The Central region of the Maldives archipelago extends north and south from the capital city of Malé. Its six administrative atolls (Baa, Lhaviyani, Kaafu, Alifu Alifu, Alifu Dhaalu et Vaavu) encompass more than ten geographic atolls of various sizes.
This is clearly the most popular area of the Maldives for tourists. Historically, Malé was the first tourist attraction and hence you can find many hotels and liveaboards in this part of the archipelago.
Tourists arriving at the International Airport practically walk straight onto their dive boat or are transferred quickly to their island resort by hydroplane or speedboat.
Although some tourists opt for a hotel in the capital itself, it isn’t really a holiday destination. Being only 2 km² with a high density of population can make the city at times feel quite oppressive. The activities on offer are also very limited. However, most liveaboards and island resorts offer frequent trips to the capital so tourist can explore this aspect of the Maldives. If you choose to visit the capital it would be prudent to check any travel advice or warnings in place through your respective Embassy as the Capital has recently seen many protests that can rapidly escalate.
Surrounding islands can be visited free from this nature of threat and guesthouses are in abundance.

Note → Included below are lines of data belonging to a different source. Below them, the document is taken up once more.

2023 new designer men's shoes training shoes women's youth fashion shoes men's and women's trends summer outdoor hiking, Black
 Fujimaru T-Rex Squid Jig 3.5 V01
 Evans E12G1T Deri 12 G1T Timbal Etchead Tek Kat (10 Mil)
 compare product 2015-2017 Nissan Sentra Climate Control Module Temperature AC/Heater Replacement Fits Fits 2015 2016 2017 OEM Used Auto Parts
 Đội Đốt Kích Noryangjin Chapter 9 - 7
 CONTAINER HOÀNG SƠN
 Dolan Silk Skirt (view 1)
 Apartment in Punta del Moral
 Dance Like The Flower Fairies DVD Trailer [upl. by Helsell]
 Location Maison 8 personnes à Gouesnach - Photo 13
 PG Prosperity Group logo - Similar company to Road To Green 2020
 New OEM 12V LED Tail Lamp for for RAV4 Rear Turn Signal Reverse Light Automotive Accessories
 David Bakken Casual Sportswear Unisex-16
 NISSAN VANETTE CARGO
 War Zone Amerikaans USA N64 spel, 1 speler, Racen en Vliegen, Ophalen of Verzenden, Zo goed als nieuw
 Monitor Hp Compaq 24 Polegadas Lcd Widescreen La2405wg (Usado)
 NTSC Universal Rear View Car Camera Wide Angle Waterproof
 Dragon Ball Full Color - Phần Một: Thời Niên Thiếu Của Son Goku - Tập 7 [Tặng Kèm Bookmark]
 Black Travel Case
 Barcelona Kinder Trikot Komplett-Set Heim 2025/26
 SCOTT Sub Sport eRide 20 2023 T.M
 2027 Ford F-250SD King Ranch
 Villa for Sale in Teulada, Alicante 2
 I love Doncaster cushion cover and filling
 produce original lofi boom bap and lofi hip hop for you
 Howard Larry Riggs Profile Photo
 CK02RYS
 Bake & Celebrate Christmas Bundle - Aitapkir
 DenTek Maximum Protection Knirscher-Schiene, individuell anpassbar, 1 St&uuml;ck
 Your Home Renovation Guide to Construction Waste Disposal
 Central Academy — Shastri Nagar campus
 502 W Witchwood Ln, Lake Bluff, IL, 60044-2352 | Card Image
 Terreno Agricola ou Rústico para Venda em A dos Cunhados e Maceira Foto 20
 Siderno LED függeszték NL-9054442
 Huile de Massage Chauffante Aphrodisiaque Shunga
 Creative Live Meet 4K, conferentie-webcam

The impact of tourism in this area has led to this large number of guesthouses that have sprung up in all manner of shapes and sizes.
The seasons have a significant influence over life in this part of the world and you could often find yourself anchored with other liveaboards. The same goes for the most popular dive sites where it is becoming more and more difficult to dive without bumping into other dive groups.
This region does however offer a vast choice of dive sites, from cleaning stations which feature Manta Ray to channels where sharks will often put on a show. And we must not forget the eternal quest for the legendary Whale Shark.
The region has something to offer all year round. Each atoll offers its own seasonal particularity which is worth making the trip for. For example, Baa Atoll (which is classified as a UNESCO biosphere reserve) offers a unique opportunity to swim with tens, if not hundreds, of Manta Rays in the Hanifaru Lagoon. To be certain to not miss this extraordinary opportunity, you should plan to visit during August which is right in the middle of the rainy season.
If you want to come face to face with a Whale Shark then the southern part of the geographic atoll of Ari (Alifu Dhaalu Atoll) is the best place. Here during the dry season, navigation conditions significantly raise the chances of beating your flippers alongside the world’s largest fish. Such is the popularity of this shark, once one is sighted, it is common that it will be joined by 100 to 200 people swimming frantically in pursuit.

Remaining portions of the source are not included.